PROVIDED INFORMATION:
"""

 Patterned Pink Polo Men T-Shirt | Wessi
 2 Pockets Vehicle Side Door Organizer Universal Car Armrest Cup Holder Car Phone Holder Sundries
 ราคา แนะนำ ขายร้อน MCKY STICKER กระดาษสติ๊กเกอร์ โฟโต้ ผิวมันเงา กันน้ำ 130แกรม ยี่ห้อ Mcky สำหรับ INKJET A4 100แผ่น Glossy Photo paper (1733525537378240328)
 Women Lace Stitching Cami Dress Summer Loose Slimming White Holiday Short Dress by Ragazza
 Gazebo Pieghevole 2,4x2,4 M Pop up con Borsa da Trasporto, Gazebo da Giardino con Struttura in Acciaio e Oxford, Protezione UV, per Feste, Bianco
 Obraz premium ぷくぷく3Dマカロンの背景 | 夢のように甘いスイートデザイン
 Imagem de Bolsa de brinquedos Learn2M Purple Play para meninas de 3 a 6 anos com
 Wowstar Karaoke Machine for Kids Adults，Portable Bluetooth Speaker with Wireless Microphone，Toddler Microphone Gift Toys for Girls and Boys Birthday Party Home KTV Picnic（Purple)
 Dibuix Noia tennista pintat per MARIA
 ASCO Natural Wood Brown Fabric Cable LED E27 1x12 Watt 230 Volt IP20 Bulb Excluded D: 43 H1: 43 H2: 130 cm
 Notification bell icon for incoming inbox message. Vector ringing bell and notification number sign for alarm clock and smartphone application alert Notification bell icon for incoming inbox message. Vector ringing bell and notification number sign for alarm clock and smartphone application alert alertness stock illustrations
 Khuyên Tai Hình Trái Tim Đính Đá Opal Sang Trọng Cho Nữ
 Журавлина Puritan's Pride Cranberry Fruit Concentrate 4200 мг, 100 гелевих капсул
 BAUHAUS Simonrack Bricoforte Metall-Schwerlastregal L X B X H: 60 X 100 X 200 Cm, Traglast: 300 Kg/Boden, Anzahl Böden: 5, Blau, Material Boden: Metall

"""

Pull out all lines from the entries above in which the word "Purple" appears.

 Imagem de Bolsa de brinquedos Learn2M Purple Play para meninas de 3 a 6 anos com
 Wowstar Karaoke Machine for Kids Adults，Portable Bluetooth Speaker with Wireless Microphone，Toddler Microphone Gift Toys for Girls and Boys Birthday Party Home KTV Picnic（Purple)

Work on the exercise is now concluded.